By the adoption of Pennsylvania Rule of Civil Procedure 1915.11-1 on April 23, 2013, the Pennsylvania Supreme Court eliminated parenting coordination in Pennsylvania effective May 23, 2013. Parenting Coordination involved the appointment of a neutral third party, either an attorney or mental health professional, who would resolve the disputes of high-conflict parents involved in child custody matters. Clearly, parenting coordination was an attempt to eliminate a family's frequent contact with the courts.

Parenting coordination was successful in educating parents about the effects of their behavior upon their children and reducing parental conflict through communication and conflict resolution techniques.

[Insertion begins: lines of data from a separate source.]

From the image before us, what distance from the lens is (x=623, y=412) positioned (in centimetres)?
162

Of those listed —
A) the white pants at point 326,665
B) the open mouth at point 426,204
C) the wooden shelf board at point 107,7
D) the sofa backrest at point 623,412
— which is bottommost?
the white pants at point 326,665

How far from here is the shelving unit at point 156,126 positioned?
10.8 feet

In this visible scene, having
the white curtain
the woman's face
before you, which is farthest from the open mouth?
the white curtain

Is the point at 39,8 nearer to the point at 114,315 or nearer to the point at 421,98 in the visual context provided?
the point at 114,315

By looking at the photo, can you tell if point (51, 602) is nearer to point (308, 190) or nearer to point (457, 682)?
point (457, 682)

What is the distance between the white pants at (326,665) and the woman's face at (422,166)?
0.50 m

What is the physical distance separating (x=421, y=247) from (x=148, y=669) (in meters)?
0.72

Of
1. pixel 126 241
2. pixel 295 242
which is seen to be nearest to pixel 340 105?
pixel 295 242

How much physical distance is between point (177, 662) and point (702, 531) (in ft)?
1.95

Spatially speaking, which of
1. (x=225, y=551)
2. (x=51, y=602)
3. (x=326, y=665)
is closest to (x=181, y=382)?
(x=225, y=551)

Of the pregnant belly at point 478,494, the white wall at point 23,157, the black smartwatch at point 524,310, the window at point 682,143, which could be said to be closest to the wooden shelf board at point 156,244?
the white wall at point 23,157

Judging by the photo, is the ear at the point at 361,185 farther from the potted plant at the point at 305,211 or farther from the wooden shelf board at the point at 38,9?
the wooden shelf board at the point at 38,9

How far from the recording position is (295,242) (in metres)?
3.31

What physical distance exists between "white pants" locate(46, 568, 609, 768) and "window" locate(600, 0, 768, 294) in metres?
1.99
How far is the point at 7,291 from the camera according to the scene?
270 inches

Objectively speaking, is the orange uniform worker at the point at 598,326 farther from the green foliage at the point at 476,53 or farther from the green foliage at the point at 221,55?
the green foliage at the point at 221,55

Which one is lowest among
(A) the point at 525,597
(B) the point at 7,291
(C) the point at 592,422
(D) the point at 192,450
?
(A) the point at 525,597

A parenting coordinator would help create detailed plans for both parents for decision making, discipline and communication. It was an effective method of monitoring parental behavior and to ensure that parents were fulfilling their court ordered obligations as well as their obligations to their minor children.

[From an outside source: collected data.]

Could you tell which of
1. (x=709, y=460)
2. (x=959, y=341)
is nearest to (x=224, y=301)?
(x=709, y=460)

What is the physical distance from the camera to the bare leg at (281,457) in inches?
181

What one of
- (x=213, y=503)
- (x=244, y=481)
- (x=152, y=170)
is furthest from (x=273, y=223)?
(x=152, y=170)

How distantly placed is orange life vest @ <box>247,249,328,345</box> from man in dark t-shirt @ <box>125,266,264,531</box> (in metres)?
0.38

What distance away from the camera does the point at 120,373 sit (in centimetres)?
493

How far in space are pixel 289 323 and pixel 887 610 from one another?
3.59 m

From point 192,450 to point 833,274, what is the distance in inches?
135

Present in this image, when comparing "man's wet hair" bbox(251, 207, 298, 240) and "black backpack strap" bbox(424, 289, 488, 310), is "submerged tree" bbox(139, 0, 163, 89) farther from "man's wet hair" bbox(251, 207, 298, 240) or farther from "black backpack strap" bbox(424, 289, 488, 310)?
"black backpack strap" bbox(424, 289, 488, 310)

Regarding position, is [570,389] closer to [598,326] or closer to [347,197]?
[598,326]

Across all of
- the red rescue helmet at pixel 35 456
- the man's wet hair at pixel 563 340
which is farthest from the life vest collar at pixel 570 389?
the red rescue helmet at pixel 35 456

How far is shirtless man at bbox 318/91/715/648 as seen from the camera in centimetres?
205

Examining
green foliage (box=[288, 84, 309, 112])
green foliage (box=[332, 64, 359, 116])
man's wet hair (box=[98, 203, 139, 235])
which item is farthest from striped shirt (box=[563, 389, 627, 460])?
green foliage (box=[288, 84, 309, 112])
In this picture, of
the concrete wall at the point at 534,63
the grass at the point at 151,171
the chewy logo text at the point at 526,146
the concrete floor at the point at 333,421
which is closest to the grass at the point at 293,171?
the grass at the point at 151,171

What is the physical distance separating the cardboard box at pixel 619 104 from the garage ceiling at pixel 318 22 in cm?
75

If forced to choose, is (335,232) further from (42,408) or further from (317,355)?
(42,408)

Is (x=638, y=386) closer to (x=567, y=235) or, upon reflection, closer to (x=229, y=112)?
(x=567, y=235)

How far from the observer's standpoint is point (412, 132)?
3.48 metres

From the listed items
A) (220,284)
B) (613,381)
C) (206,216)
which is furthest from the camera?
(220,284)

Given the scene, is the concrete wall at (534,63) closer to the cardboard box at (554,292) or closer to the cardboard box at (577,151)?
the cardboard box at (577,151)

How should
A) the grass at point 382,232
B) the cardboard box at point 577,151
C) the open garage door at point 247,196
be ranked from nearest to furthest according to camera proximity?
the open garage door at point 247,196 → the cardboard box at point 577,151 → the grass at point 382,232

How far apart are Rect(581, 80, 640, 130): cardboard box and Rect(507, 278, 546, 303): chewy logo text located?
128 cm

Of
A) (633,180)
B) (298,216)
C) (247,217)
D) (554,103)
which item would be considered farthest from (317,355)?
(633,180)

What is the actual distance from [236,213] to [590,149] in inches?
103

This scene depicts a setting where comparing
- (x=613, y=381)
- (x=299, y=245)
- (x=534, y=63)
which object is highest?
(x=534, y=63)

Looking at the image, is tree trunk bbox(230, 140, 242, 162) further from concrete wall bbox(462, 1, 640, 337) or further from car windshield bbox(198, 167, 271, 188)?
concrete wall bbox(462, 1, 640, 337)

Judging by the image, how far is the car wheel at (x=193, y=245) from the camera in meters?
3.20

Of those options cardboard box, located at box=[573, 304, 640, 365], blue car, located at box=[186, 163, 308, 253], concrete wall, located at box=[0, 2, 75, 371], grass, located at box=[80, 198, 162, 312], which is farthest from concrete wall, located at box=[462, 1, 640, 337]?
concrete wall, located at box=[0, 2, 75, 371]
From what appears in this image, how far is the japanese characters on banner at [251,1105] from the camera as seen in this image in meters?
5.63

Apparently, the Pennsylvania Supreme Court was of the belief that parenting coordination was the improper delegation of judicial decision making. The new rule clearly states that "only judges may make decisions in child custody cases." The new rule eliminates an excellent tool that was effective in assisting families in their daily custody challenges. Once again, the courts will see increased filings to address minor issues that likely could have been resolved without incurring legal fees and utilizing the resources of the court. In addition, these minor issues will often be left unresolved and possibly lead to larger custodial issues which will then have a negative impact on the overall well-being of the family.